● About this exercise
Repeat every entry exactly. Do not include the pictures.

(Scraped caption text data)
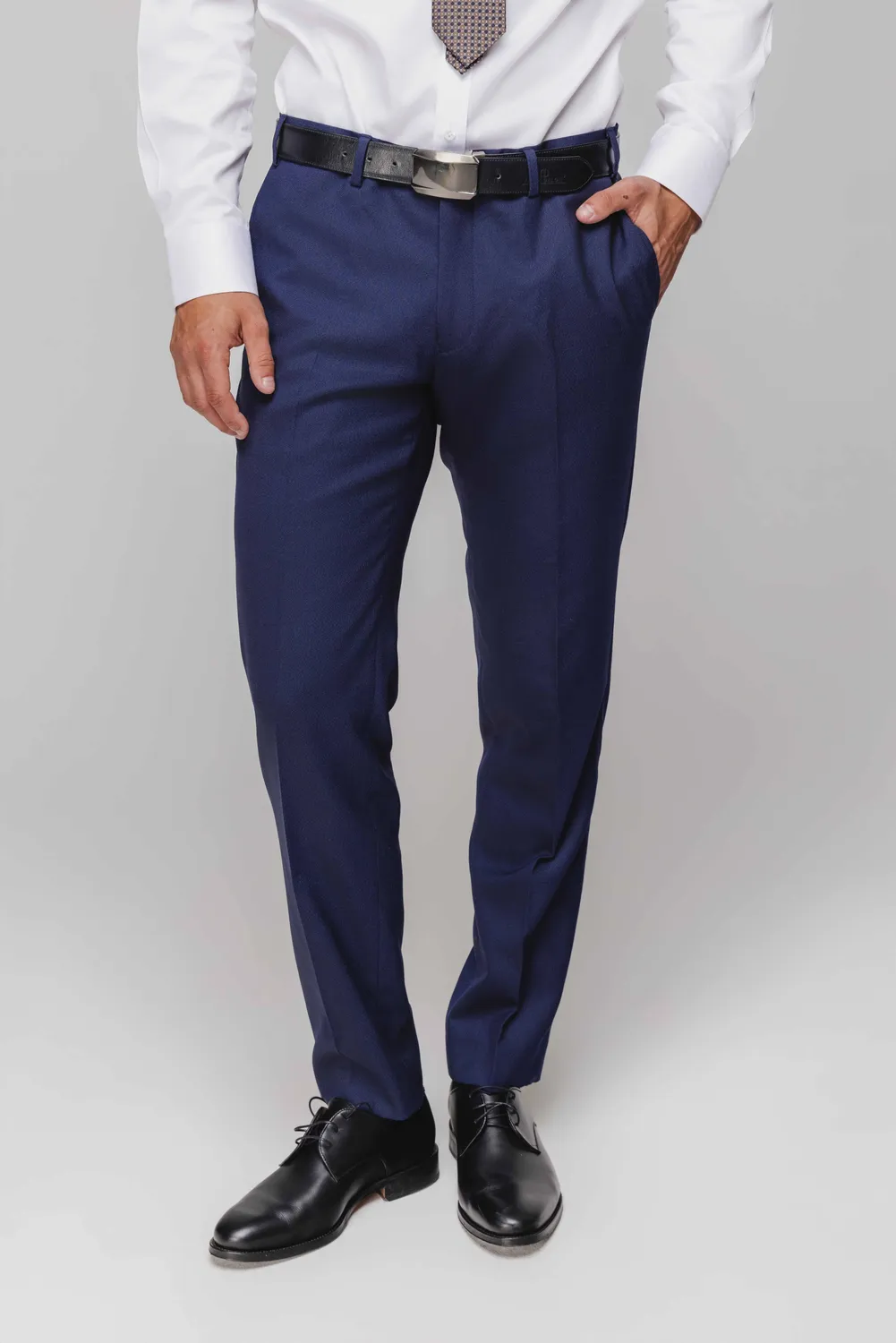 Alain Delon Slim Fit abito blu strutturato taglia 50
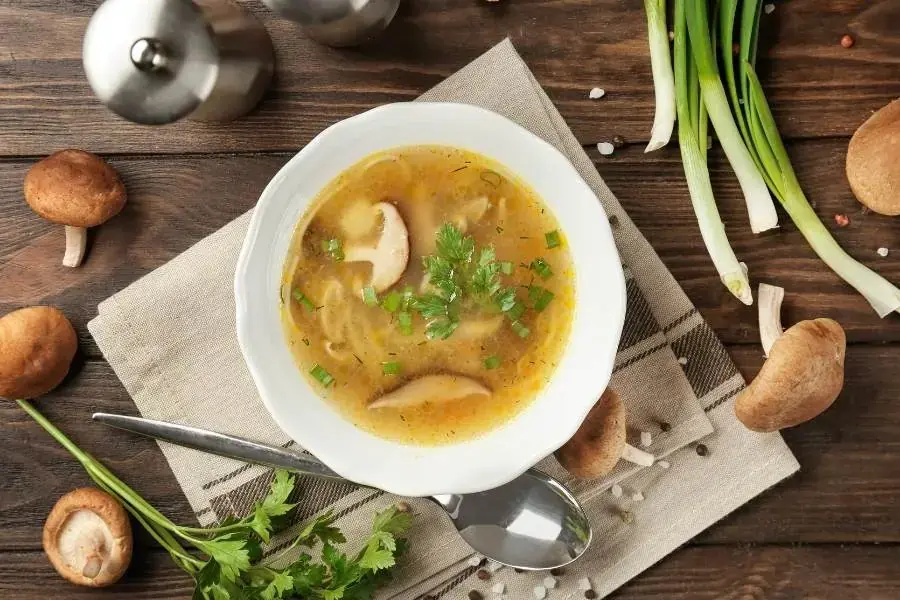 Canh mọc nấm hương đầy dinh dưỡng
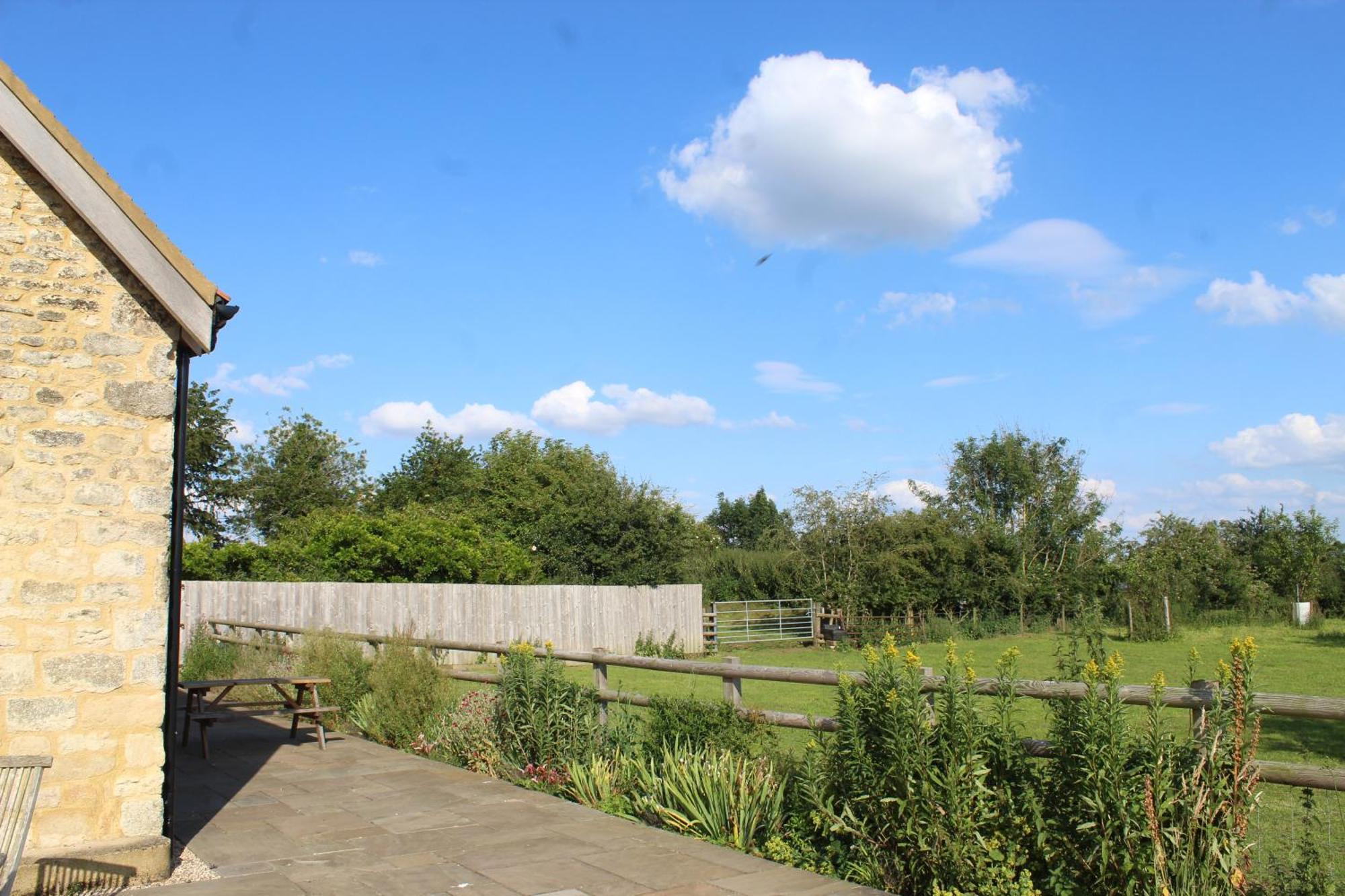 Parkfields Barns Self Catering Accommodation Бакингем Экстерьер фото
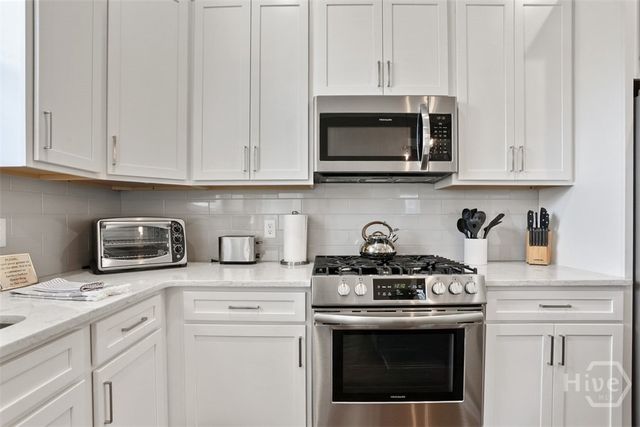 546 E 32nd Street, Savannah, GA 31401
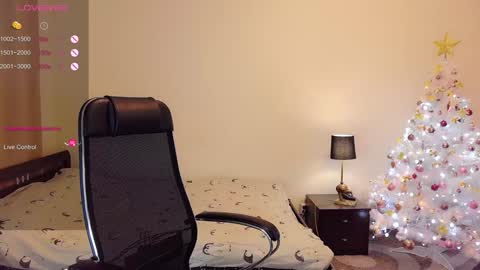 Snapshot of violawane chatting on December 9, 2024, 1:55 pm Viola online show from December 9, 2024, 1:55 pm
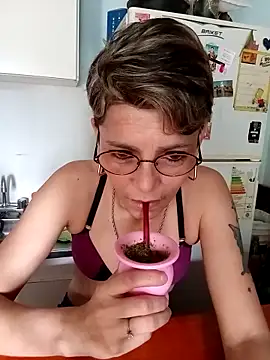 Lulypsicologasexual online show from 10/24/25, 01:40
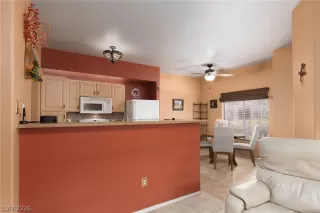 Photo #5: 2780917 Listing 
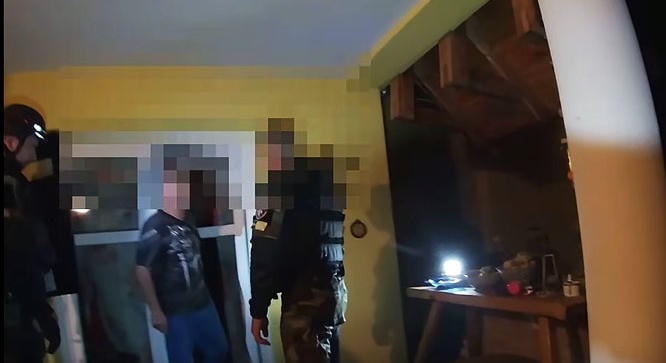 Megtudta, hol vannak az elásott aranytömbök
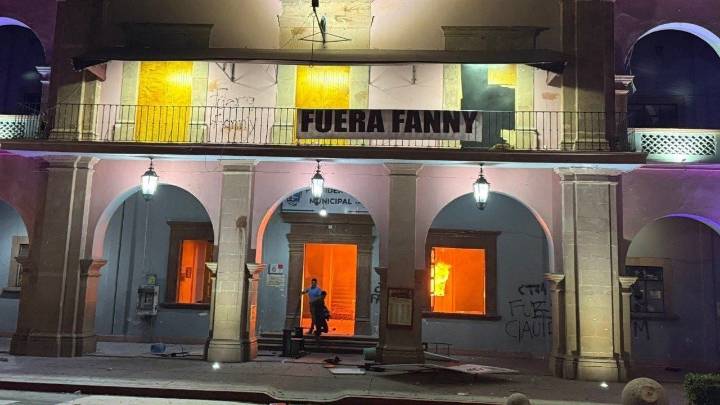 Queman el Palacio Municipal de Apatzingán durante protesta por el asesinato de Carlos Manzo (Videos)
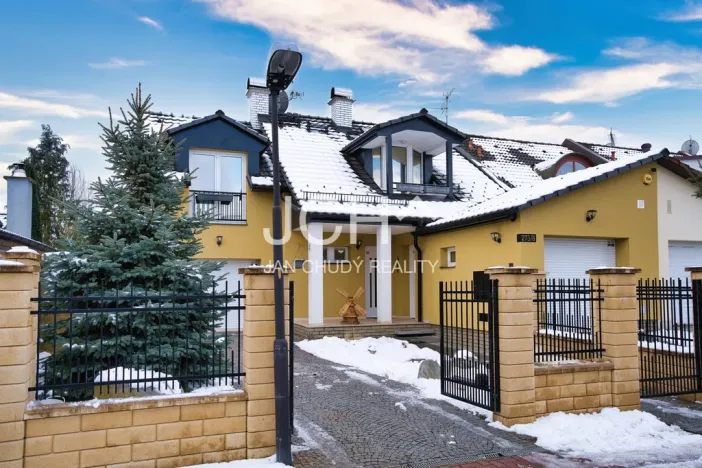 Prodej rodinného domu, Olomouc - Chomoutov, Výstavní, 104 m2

● Solution to the exercise
 Alain Delon Slim Fit abito blu strutturato taglia 50
 Canh mọc nấm hương đầy dinh dưỡng
 Parkfields Barns Self Catering Accommodation Бакингем Экстерьер фото
 546 E 32nd Street, Savannah, GA 31401
 Snapshot of violawane chatting on December 9, 2024, 1:55 pm Viola online show from December 9, 2024, 1:55 pm
 Lulypsicologasexual online show from 10/24/25, 01:40
 Photo #5: 2780917 Listing 
 Megtudta, hol vannak az elásott aranytömbök
 Queman el Palacio Municipal de Apatzingán durante protesta por el asesinato de Carlos Manzo (Videos)
 Prodej rodinného domu, Olomouc - Chomoutov, Výstavní, 104 m2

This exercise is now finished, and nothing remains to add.